Sydney, le dépaysement total
« Chacun le vit différemment, c’est très personnel. Moi j’ai vécu une super expérience. Tous les éléments étaient réunis: participer à la compétition la plus importante au monde, à l’autre bout de la planète. Après coup, la famille et les amis vous disent qu’ils se sont levés en pleine nuit pour regarder votre course… c’est là qu’on réalise qu’on a participé à quelque chose d’énorme. En plus Sydney c’était le dépaysement total, un aspect que n’auront pas les athlètes français qui feront les Jeux de Paris l’an prochain. La Fédération nous avait donné des cartes postales toutes prêtes à envoyer à nos proches et sponsors, c’était sympa. J’y suis retourné avec ma femme il y a quelques années, je suis allé voir le bassin olympique… Contrairement à Athènes les infrastructures n’ont pas été laissées à l’abandon à l’issue des Jeux, c’est bien. Comme je l’ai dit, on ne prend vraiment la mesure de tout ça qu’une fois sa carrière terminée. »

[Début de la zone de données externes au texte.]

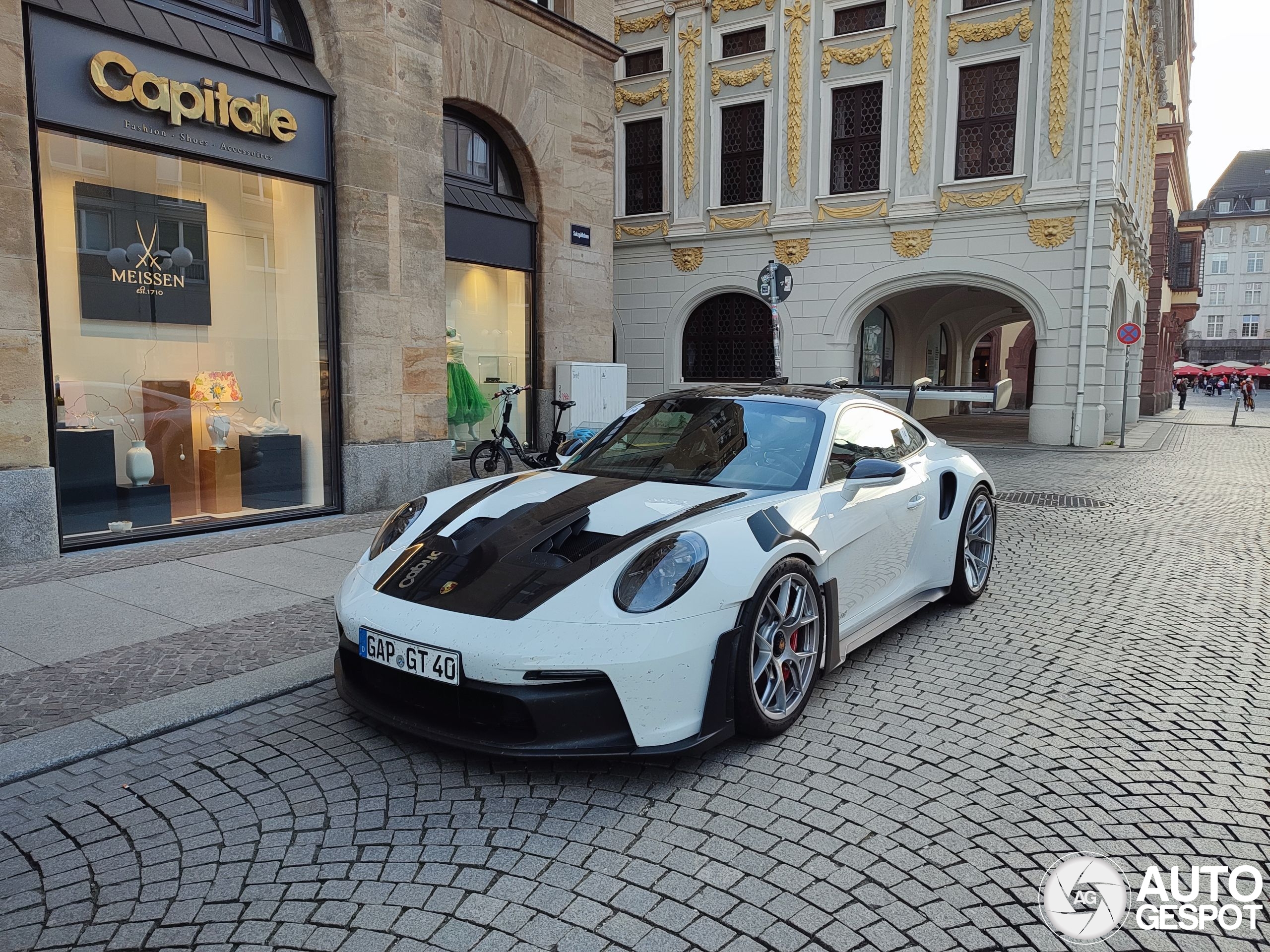 Porsche 992 GT3 RS Weissach Package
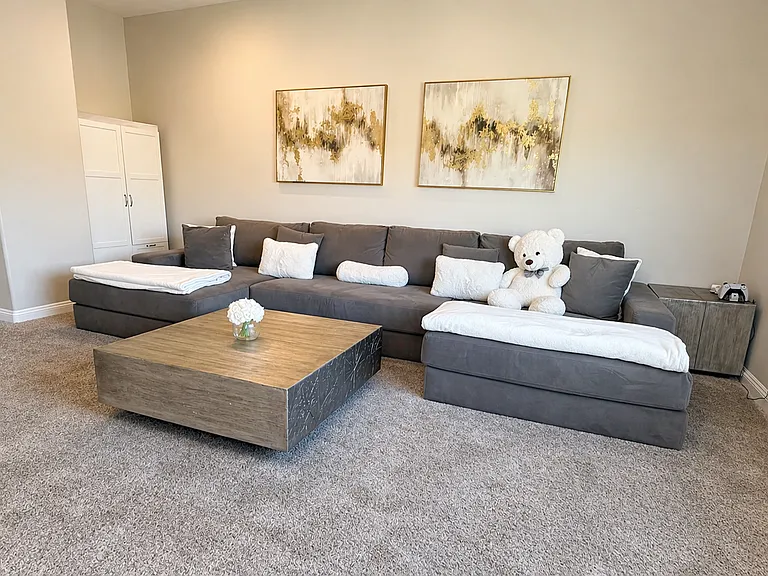 Secondary living/play room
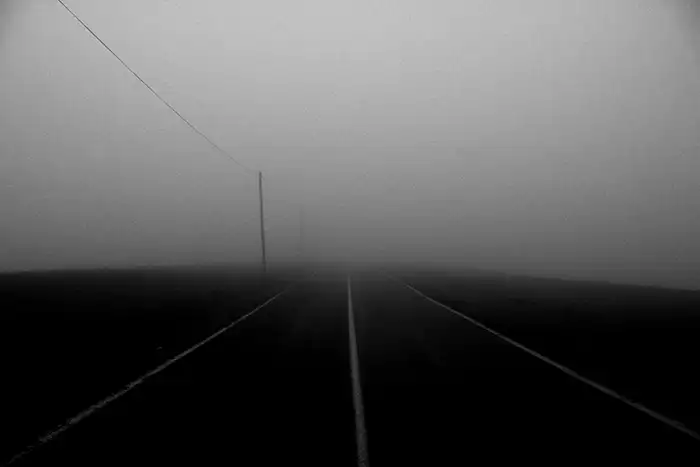 Strada e nebbia
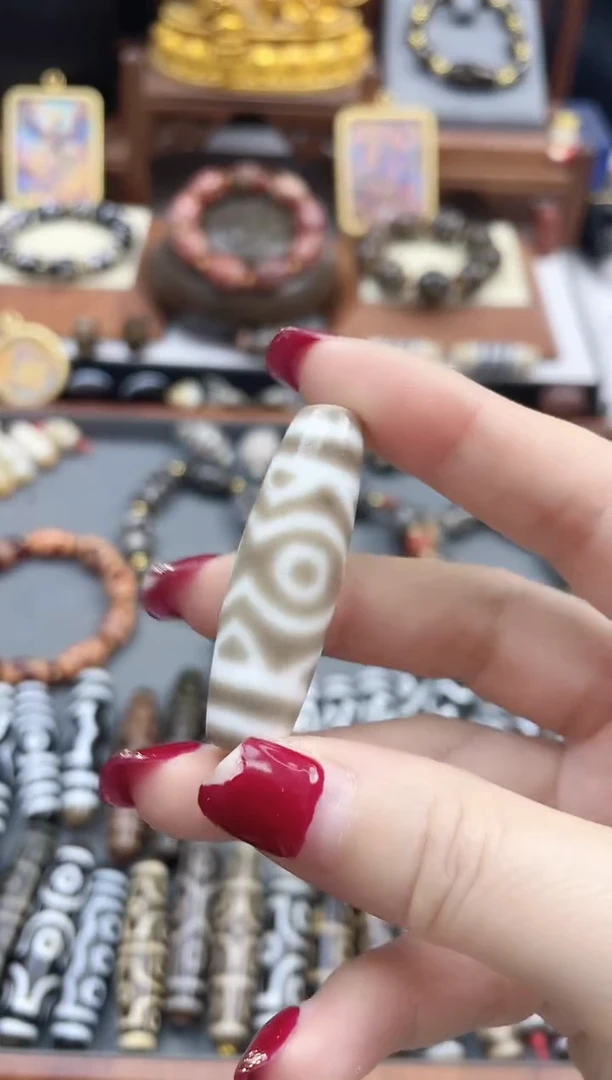 【闪购商品】玛瑙/玉髓珠珠未镶嵌白毫莲花三眼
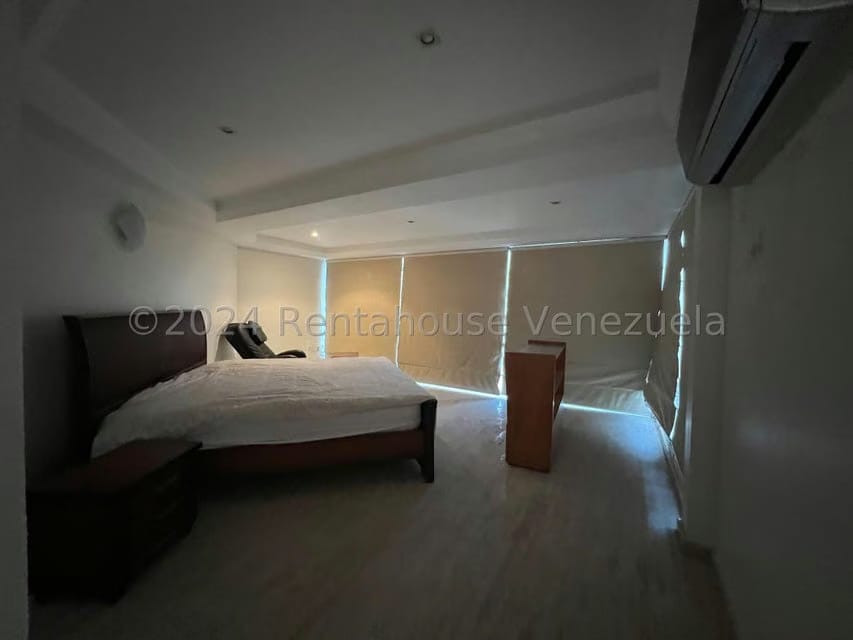Casa (Multipes Niveles) en Venta en Corralito, Distrito Metropolitano - 36
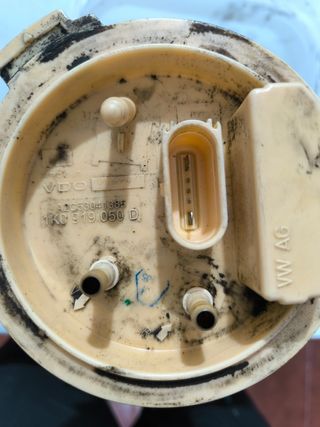 Bomba Combustible y aforador VWAG 1K0 919 050 D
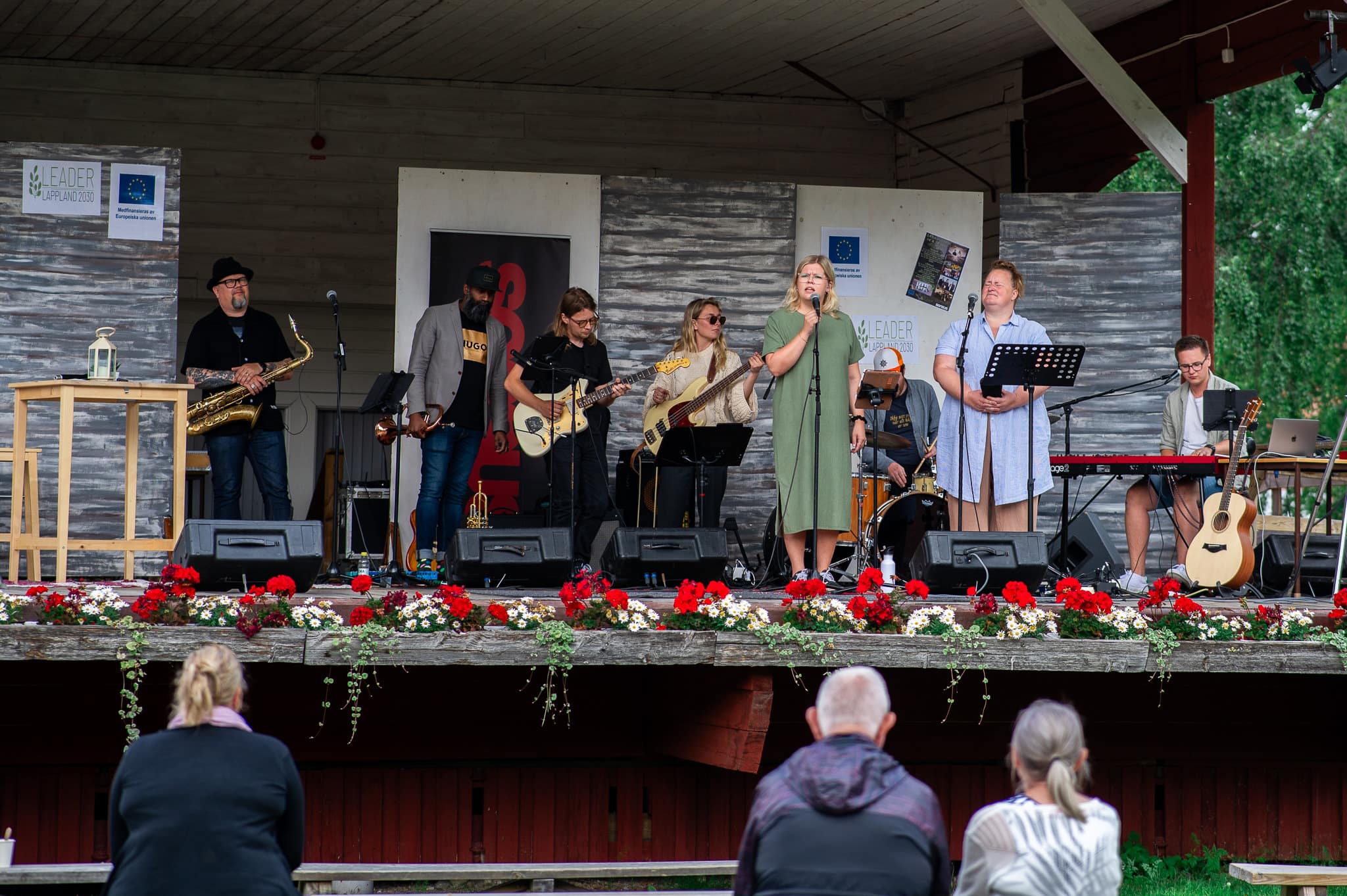 Livemusik på hembygdsscenen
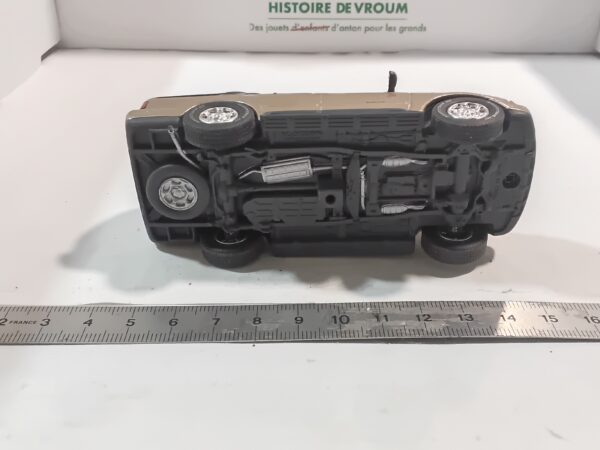 Lincoln Navigator Anson 1/43 – Image 5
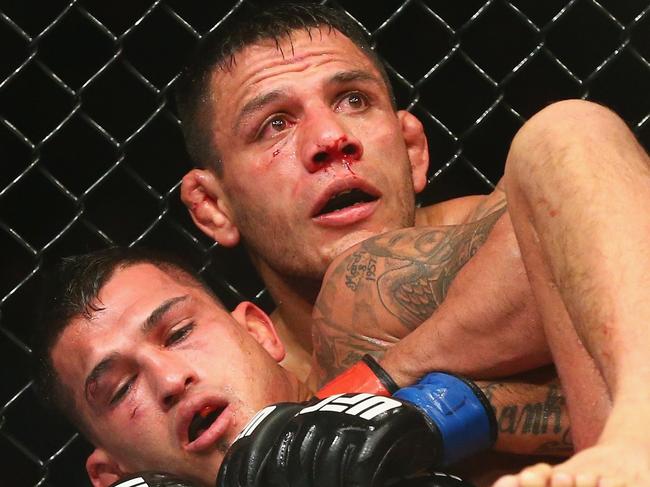 DALLAS, TX - MARCH 14: Rafael dos Anjos, top fights with Anthony Pettis in the Lightweight Title bout during the UFC 185 event at American Airlines Center on March 14, 2015 in Dallas, Texas. Ronald Martinez/Getty Images/AFP == FOR NEWSPAPERS, INTERNET, TELCOS & TELEVISION USE ONLY ==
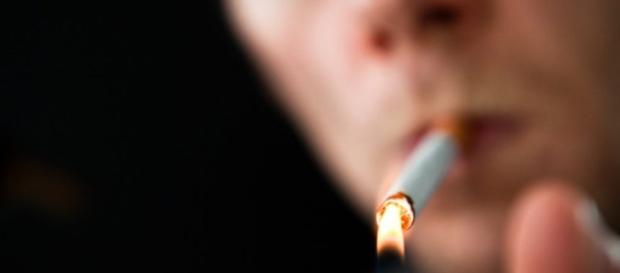 ¿Has pensado cuantas cosas podrías comprar con lo que gasta en cigarros? ¿Has pensado cuantas cosas podrías comprar con lo que gasta en cigarros?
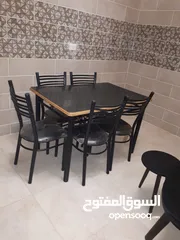  2 طاولة مطبخ حديد مستعمله مع طاوله  لغرفة معيشه وطقم طرابيزات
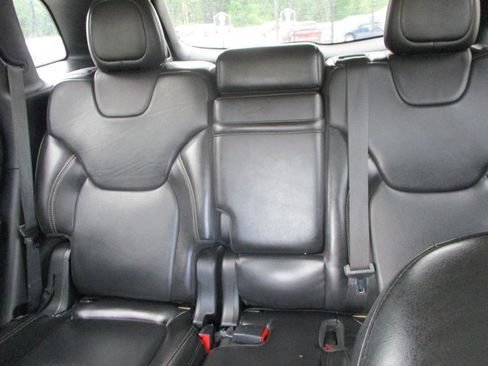 Used 2018 Jeep Cherokee Limited image 16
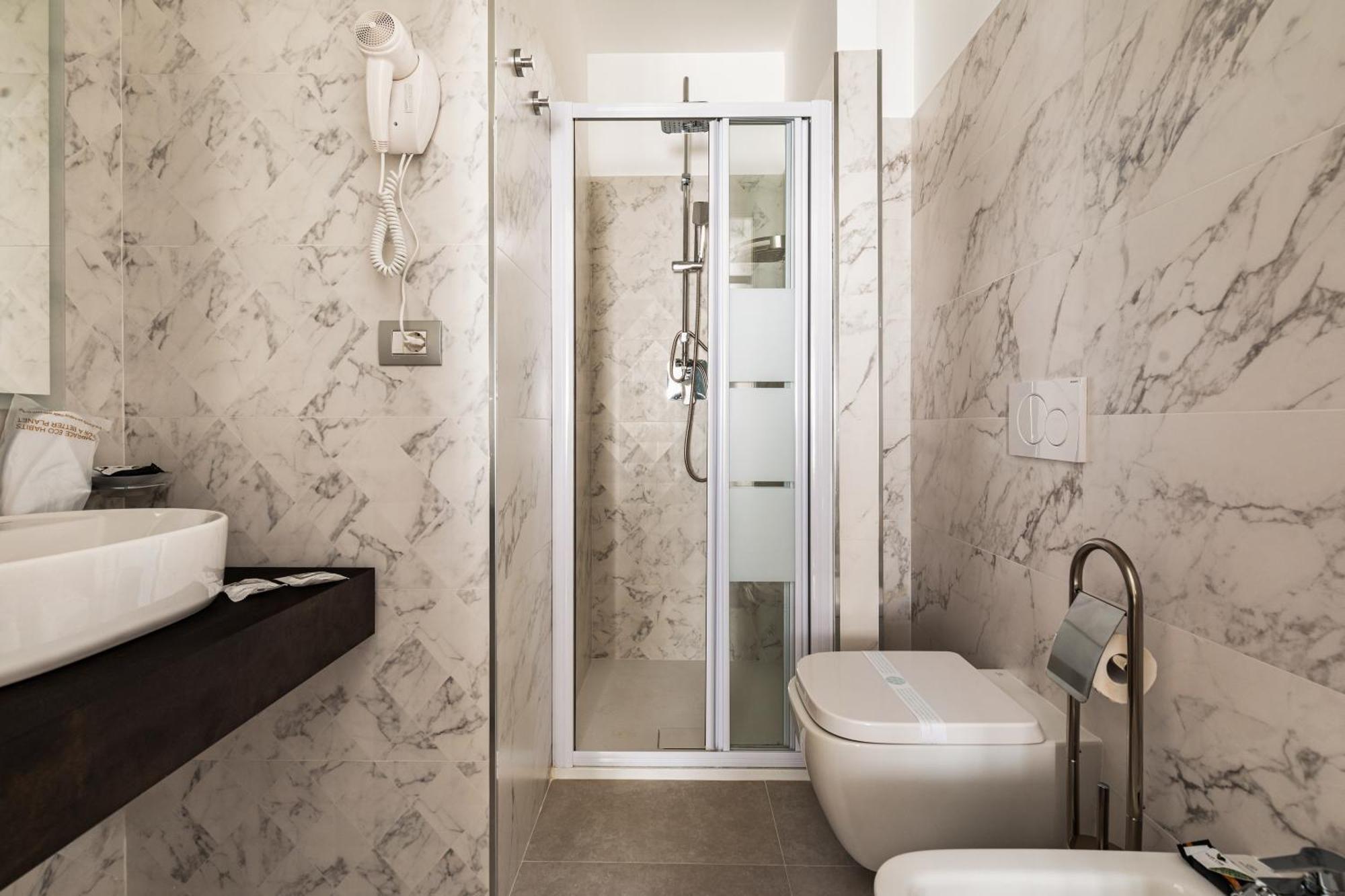 Adelante Rooms San Giovanni Rzym Zewnętrze zdjęcie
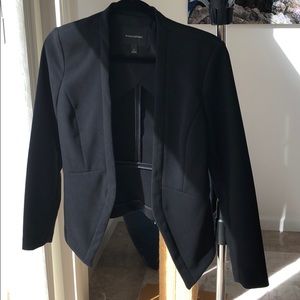 Black tailored jacket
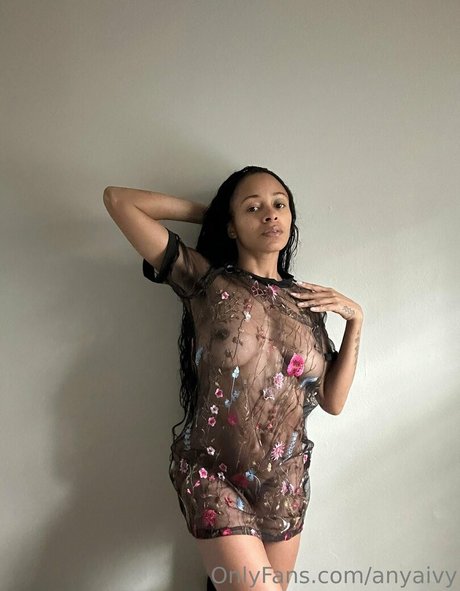 Anya Ivy model top archive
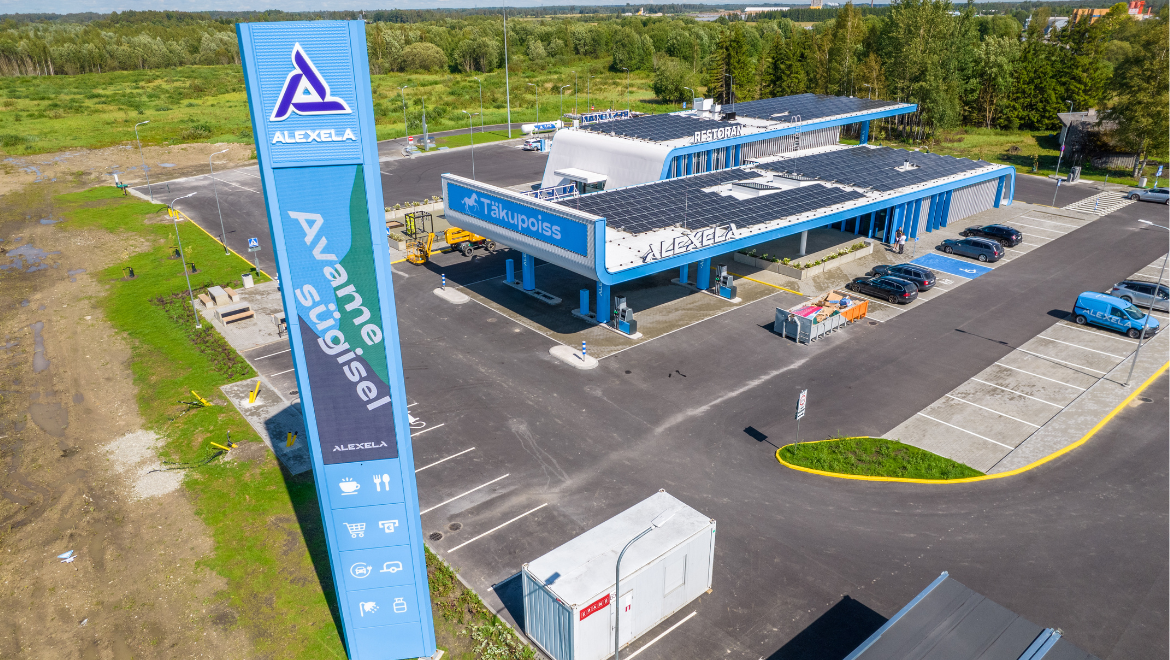 Eesti teedele jõuavad turu esimesed 400-kilovatised elektriautode ...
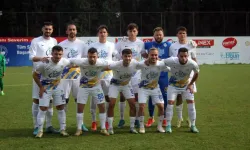 Serik Belediyespor, Belediye Derincespor'u 7-1 mağlup etti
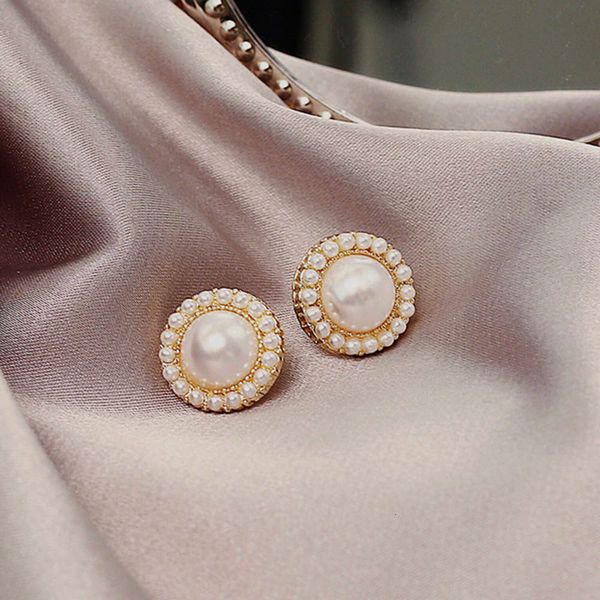 

s925 silver needle fashion round pearl simple metal personality trend versatile earrings for women, Black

Si vous l’avez manqué, le premier épisode de notre série #VersLesJeux avec Alexis Delplace, est en ligne ici.
Les autres Angevins qui ont connu les Jeux
Les plus connus sont Nicolas Touzaint (équitation, il a participé aux six derniers JO, médaillé d’or par équipe aux JO d’Athènes en 2004 et médaillé de bronze par équipe aux JO de Tokyo en 2021), Nicolas Mahut (tennis, JO de Rio 2016 et Tokyo), Claire Supiot ((para)natation, JO de Séoul en 1988 et Paralympiques de Tokyo), Amandine Brossier (400m, JO de Tokyo) ou encore Matéo Bohéas (para tennis de table, médaillé d’argent aux Jeux de Tokyo). Mais il ne faut pas oublier Dorothée Mériau (basket fauteuil, Jeux de Londres en 2012), Franck Haudouin (para tir à l’arc, 9e aux Jeux de Londres), Margaux Chrétien (natation synchronisée, JO de Rio) et Julien Bahain (aviron, désormais citoyen canadien, médaillé de bronze au JO de Pékin en 2008 et également présent aux JO de Londres).
Le canoë-kayak est le sport qui a envoyé le plus d’Angevins aux Jeux avec donc Stéphane Gourichon, Pascal Boucherit (médaillé de bronze à Los Angeles en 1984), Jean-François Briand (JO de Barcelone, 1992), Cindy Moreau (médaillée de bronze au Jeux Paralympiques de Rio) et Vanina Paoletti (JO de Tokyo).